Eccellenza, come crede che vada affrontato questo difficilissimo momento che stiamo attraversando?
«Questa crisi, che raggiunge in maniera concreta le risorse personali, ci deve fare rimboccare le maniche e farci dirigere verso il risparmio. Dobbiamo dare peso a ciò che è essenziale. Anche le singole famiglie devono impostare un’economia familiare più attenta. La crisi, oltre a provocare il danno imminente, può creare quello più pericoloso della paura sul futuro. Ma anche la Chiesa e le amministrazioni locali diano il buon esempio: rinunciando alle feste senza badare a spese. Meglio utilizzare le risorse per i poveri, che sono i veri danneggiati da questa crisi. E le feste religiose tornino ad essere religiose».

In situazioni difficili come quella attuale, solitamente esce fuori la solidarietà…

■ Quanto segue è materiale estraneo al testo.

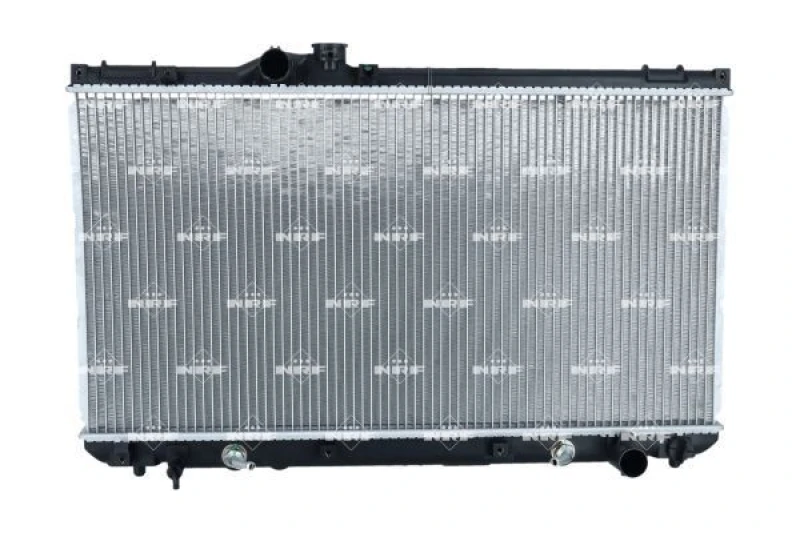 Image of NRF 53586 Engine radiator Brazed cooling fins, Aluminium Aluminium Radiator,engine cooling (470)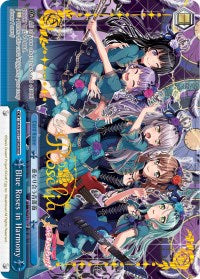 Blue Roses in Harmony (BD/EN-W03-126BDR BDR) [BanG Dream! Girls Band Party! MULTI LIVE] | Cracking-Singles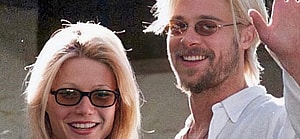 Gwyneth Paltrow and Brad Pitt '90s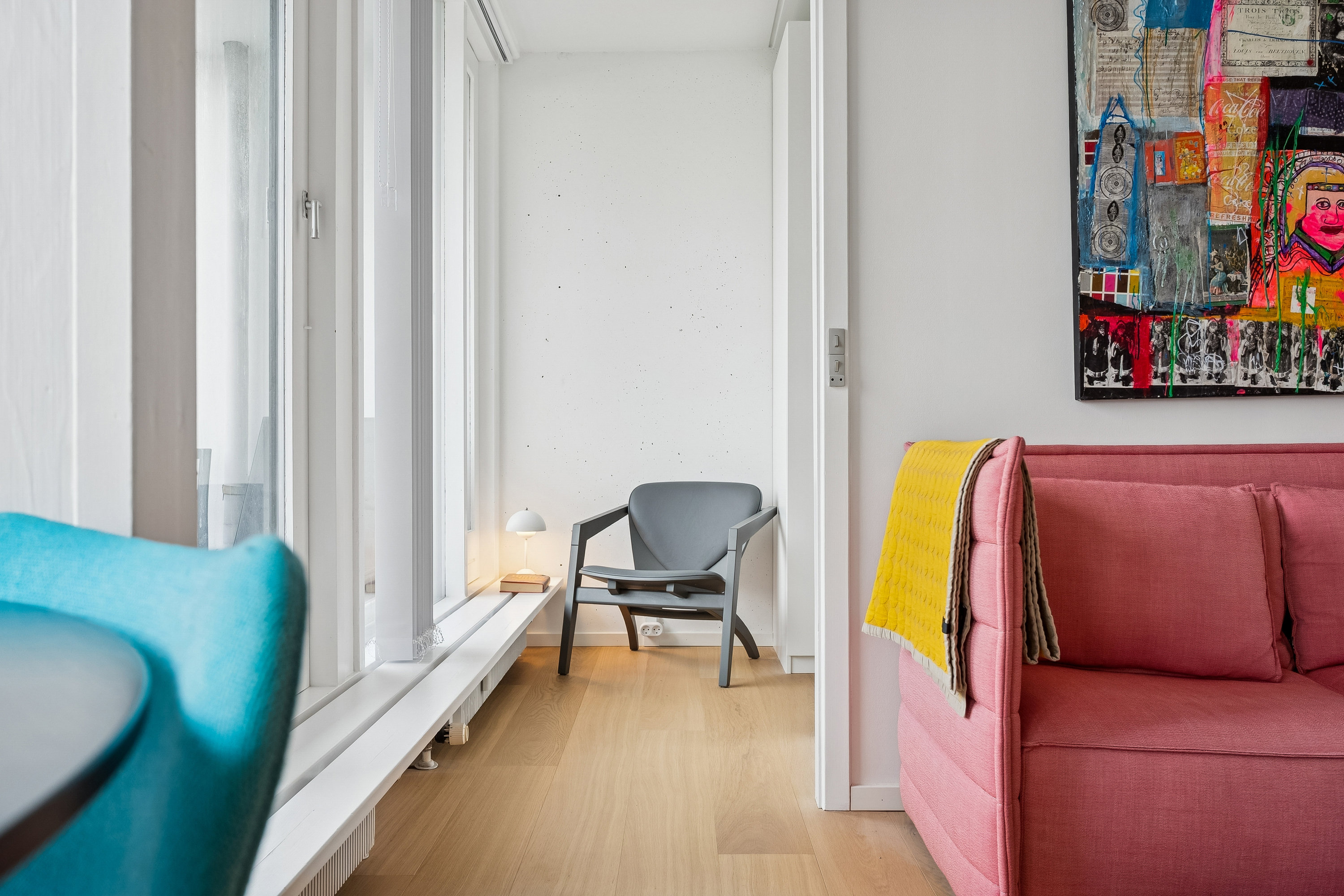 Miniaturebillede 1: værelse. Billede af Brannersvej 25, 2. 65., 2920 Charlottenlund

«La solidarietà impone di cambiare lo stile di vita ed ha bisogno di una molla. È un valore che cova sotto la cenere, per farlo uscire fuori ci vogliono stimoli. Consideri che la diocesi di Monreale conta circa 240 mila abitanti. Se dovessimo raccogliere centomila euro per realizzare qualcosa basterebbero 50 centesimi a testa…».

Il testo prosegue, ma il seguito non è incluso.